Alexandria Academy
Introduction
Text-to-speech Audio
Images
Alexandria Academy postcard ca 1940.
Backstory and Context
Text-to-speech Audio
The Alexandria Academy is a three-story brick building. The original plan for the building was to operate three different kinds of teaching methodologies. On the first floor, students who were able to afford tuition were instructed in grammar, arithmetic, and physical sciences. A floor above, tuition-paying students learned Latin and classical Greek. The third floor held the Free School, which provided basic skills as well as some of the more advanced lessons that were taught on the other floors.

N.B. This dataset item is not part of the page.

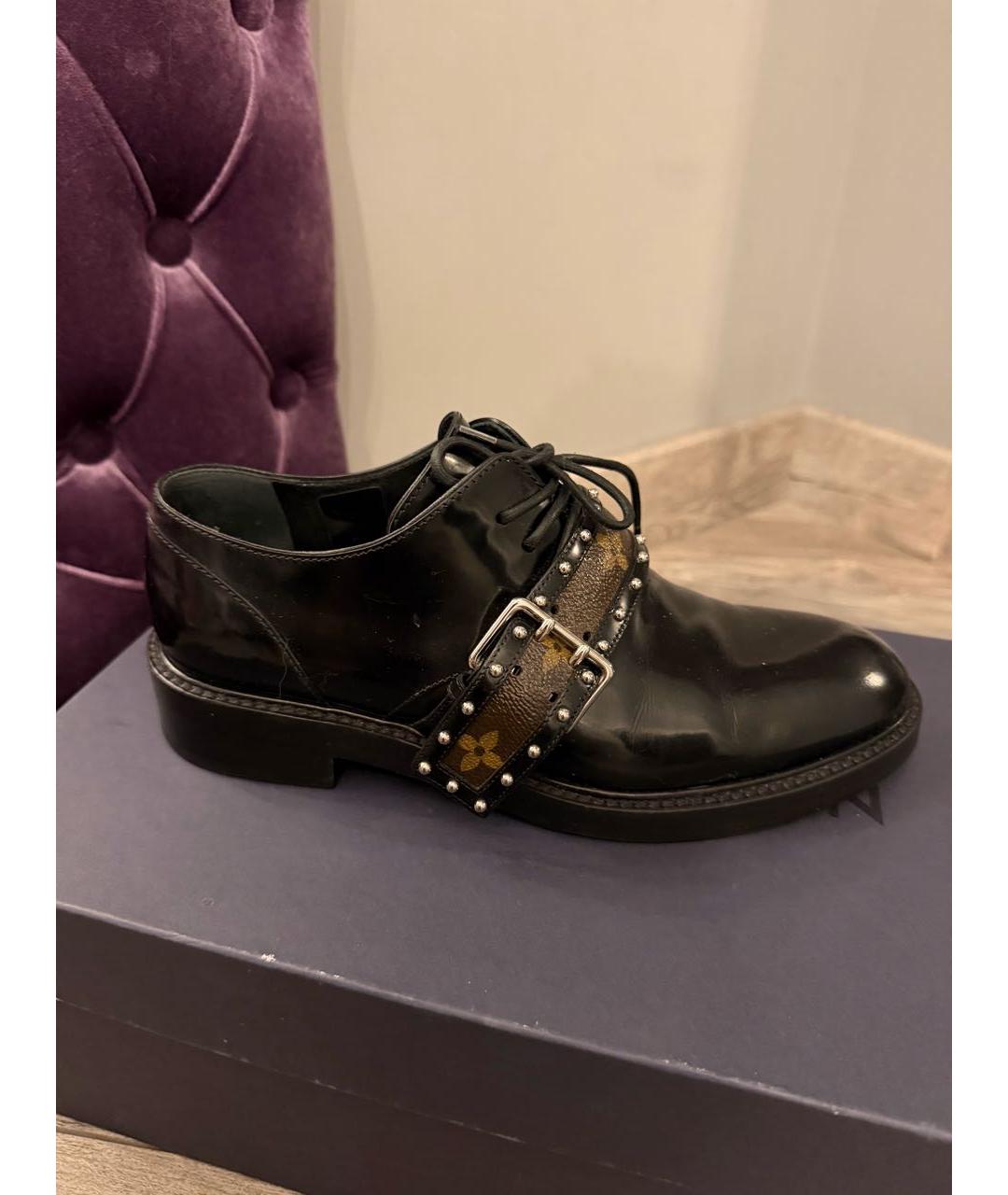 LOUIS VUITTON Черные кожаные брогги и оксфорды, фото 7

George Washington took great interest in the Free School and contributed 50 pounds each year- an amount that covered expenses for about twenty students. Washington was involved with the free school during his entire lifetime, and left four thousand dollars to it in his will. In 1812, the Free School moved to a new location. In its place, the academy operated a school for African Americans. At that time, Alexandria was part of the District of Columbia. After the city became part of Virginia in 1846, however, state laws barring the education of both freed and enslaved African Americans required that the classroom for Black students be discontinued.
During the Civil War, the building hosted both a school and hospital for former slaves, offering free tuition for those who could not afford to pay. The Alexandria Academy was absorbed by the Alexandria Public School System in 1884. The building was used for both educational and administrative purposes until 1995. In that year, the Historic Alexandria Foundation purchased and restored the building. As a result, the building still plays a role in the education of all Alexandrians, as the building used by many of the city's cultural and educational institutions.